EXERCISE REQUIREMENTS:
All lines in the records below from the line with "One last thing" through the line with "From FX Umpire, this" are to be given again exactly, both ends included; the pictures are to be left out.

[SOURCE DATA — start]

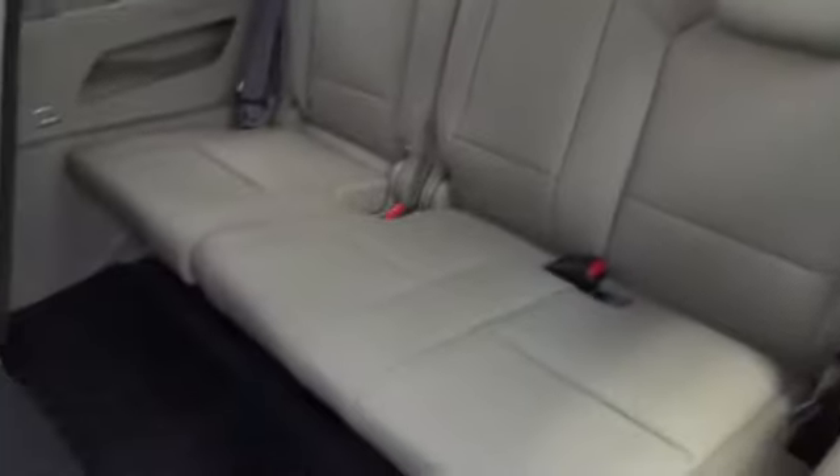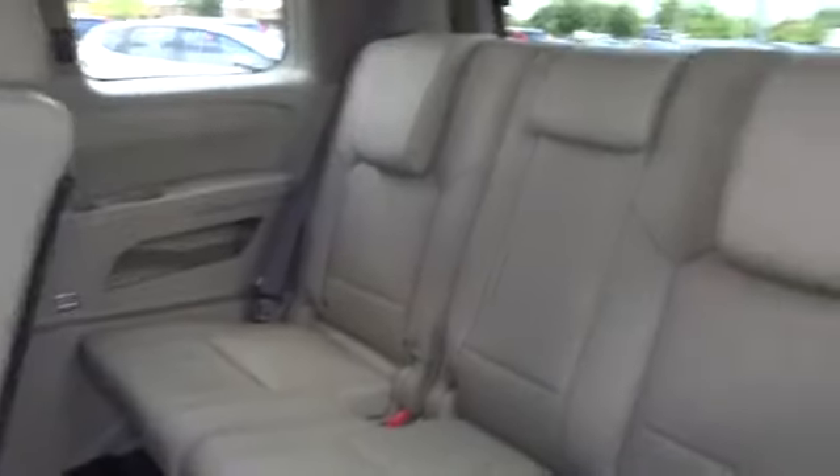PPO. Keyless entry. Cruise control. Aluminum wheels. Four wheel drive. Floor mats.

[SOURCE DATA — finish]
[SOURCE DATA — start]

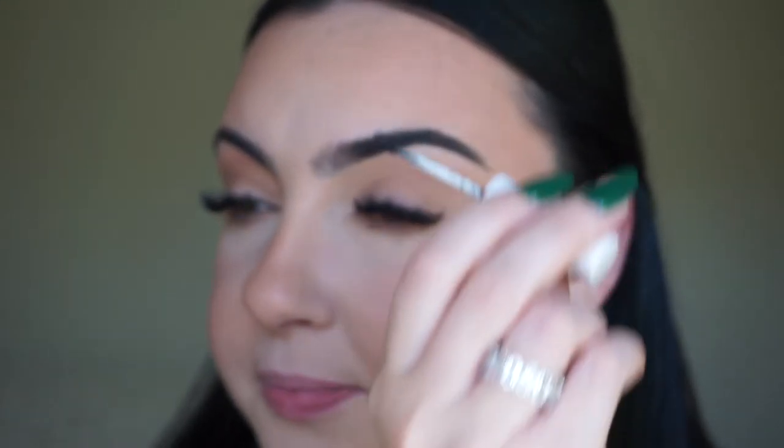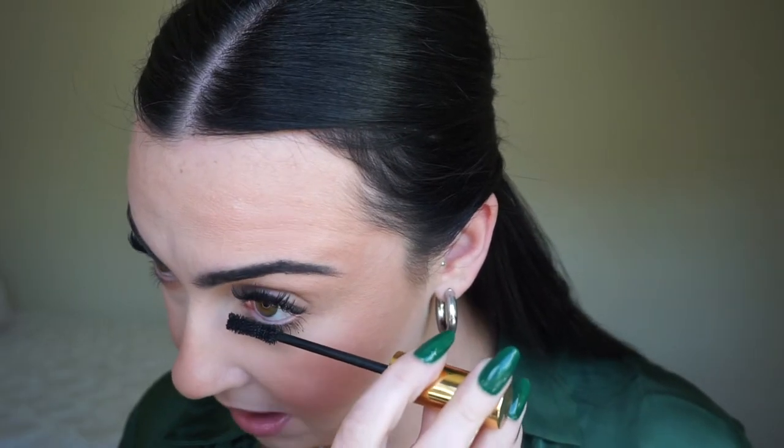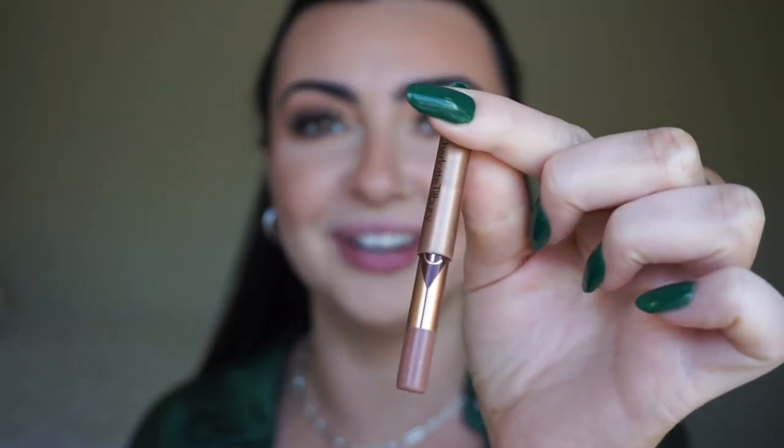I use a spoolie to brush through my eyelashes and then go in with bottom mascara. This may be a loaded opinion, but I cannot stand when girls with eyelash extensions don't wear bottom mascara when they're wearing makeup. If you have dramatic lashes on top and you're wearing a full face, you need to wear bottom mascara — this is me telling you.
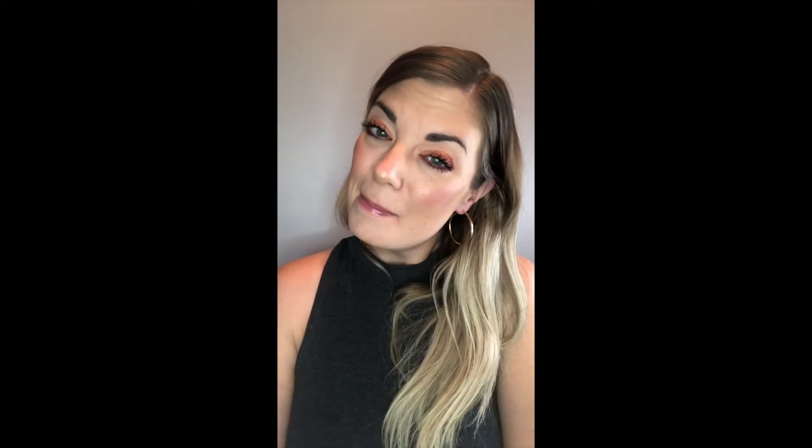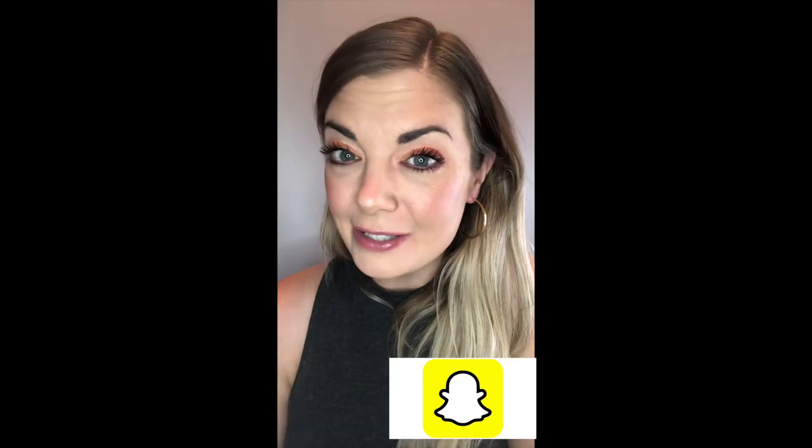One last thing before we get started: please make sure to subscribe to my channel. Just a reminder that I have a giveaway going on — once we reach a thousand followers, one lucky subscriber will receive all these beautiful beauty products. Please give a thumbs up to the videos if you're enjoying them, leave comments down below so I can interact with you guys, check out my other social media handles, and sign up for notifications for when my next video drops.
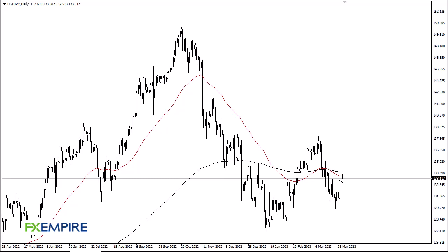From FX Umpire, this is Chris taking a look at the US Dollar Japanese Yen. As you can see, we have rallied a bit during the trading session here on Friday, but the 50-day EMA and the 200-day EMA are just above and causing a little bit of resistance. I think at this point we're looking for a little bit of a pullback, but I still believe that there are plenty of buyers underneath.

[SOURCE DATA — finish]

PROBLEM SOLUTION:
One last thing before we get started: please make sure to subscribe to my channel. Just a reminder that I have a giveaway going on — once we reach a thousand followers, one lucky subscriber will receive all these beautiful beauty products. Please give a thumbs up to the videos if you're enjoying them, leave comments down below so I can interact with you guys, check out my other social media handles, and sign up for notifications for when my next video drops.
From FX Umpire, this is Chris taking a look at the US Dollar Japanese Yen. As you can see, we have rallied a bit during the trading session here on Friday, but the 50-day EMA and the 200-day EMA are just above and causing a little bit of resistance. I think at this point we're looking for a little bit of a pullback, but I still believe that there are plenty of buyers underneath.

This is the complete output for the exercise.